Politikacılar üç beş günde kendilerine geldiler ama veli ve öğrencilerin bu sistemde, kendilerine gelmeleri bırakın üç beş ayı, üç beş yılda bile çok zor olacak gibi görünüyor!
En iyi lise ve en iyi üniversite hayali kuranlar, LGS ve YKS’ye yıllardır mevcut sisteme göre hazırlanıyorlardı.
Çocuklar çocukluğunu, gençler gençliğini yaşayamadı.
Ne sokağa çıkıp top oynayabildiler ne de sinemaya, tiyatroya gidebildiler.
Müzikle uğraşan müziğe, sporla uğraşan spora ara verdi, dershanelerin yolunu aşındırdı.
Yüzlerce, binlerce, hatta on binlerce test çözdüler.
Veliler de onlarla birlikte eve kapandı, yavrularının başarısı için her türlü maddi ve manevi fedakârlığa katlandılar.
Sonra bir gecede her iki sınav sistemi de değişti ve hiç alışık olmadıkları bir sınava girdiler.
Yaşadıkları şokun etkisinden hâlâ kurtulabilmiş değiller.
Çünkü bugüne kadar çalıştıkları soruların bir tane bile benzeri çıkmadı.
En iyi öğrenciler bile patır patır döküldü.
Çoğunun ağızını hâlâ bıçak açmıyor.
Peki, sınav sistemi şok üstüne şok yaşattı da tercih ve kayıt sistemi farklı mı?
Liselere girişte yaşananlar tam bir macera, velilere adeta kumar oynatılıyor.
Üniversiteye giriş de sanki ondan farklı olmayacak gibi görünüyor!..
Peki, bu durum nereye kadar böyle devam edecek?
Keşke bu konuda hep birlikte bir özeleştiri yapıp, bu çok önemli soruna yine hep birlikte çözüm arayabilsek...
Elbette, kabahatli aramıyoruz.
Dün dünde kalmalı ama böyle de gitmemeli!..
Liselere girişte sistem curcunası
Liselere girişte tam anlamıyla bir curcuna yaşanıyor.
E-kayıt sistemi sürekli arıza veriyor.
MEB’in kafası karmakarışık.
Geçen yılın yüzdelik dilimlerini bir koyuyor, bir kaldırıyor, arada bir de değiştiriyor.
Her okul türünden 3-5 seçenek sözü ise adeta hayal oldu.
Eve en yakın okul yerine de en uzak okullar tercih listesine konuldu!..

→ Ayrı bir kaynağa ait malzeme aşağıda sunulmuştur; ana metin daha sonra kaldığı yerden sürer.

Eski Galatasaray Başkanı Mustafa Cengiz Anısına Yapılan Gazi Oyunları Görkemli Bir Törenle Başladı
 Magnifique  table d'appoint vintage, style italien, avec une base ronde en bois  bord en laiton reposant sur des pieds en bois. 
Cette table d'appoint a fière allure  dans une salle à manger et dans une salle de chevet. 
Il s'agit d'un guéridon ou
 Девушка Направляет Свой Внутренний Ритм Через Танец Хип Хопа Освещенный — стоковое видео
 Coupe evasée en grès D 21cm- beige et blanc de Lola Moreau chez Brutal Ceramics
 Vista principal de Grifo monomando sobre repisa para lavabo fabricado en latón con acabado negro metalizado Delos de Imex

Veli olarak gel de sorma, sorgulama, kızma.
Zaten onlar da bunu yapıyor...
MEB’in liseler konusunda yaşanan kaosa seyirci kalması ve sessizliğini ısrarla sürdürmesi, velileri adeta çileden çıkarmış durumda.
Türkiye’nin hemen her yerinden öylesine çarpıcı örnekler geliyor ki şaşırmamak elde değil.
MEB, bugüne kadar ne söylendiyse, adeta tersini yapıyor.
Sistem, ülkenin pek çok yerinde zaafa uğramış durumda.
Peki, şu saatten sonra sil baştan yeni bir düzenlemeye gidilir mi?
Hiç sanmıyoruz ama böyle gitmeyeceği de kesin!
Peki, ne olur?
Memnuniyetsiz veli sayısı daha da artar, öğrencilerin üzüntü ve küskünlüğü ise zirve yapar.
Okullar açıldığında yüz binlerce öğrenci hâlâ gidecek bir lise bulamazsa hiç şaşırtıcı olmaz.
Peki, bunu mu istiyoruz? Hayır.
Bu duruma en çok üzülenlerin başında eminim ki MEB geliyor.
Ama onlar da şaşkın, çünkü toplumun her kesiminden kendilerine baskı var.
Doğru olanı yapmaktan çok, durumu kurtarmaya çalışıyorlar. Ancak ne yapsalar nafile! Daha da batmanın ötesine geçemiyorlar.
Özetin özeti: MEB’e, YÖK’e, ÖSYM’ye en azından birkaç yıl tam özerklik tanıyalım ve hiçbir baskı altında kalmadan, pedagojik, akademik ve bilimsel çözümler üretsinler. Yoksa ileride her şey daha da içinden çıkılmaz hale gelebilir.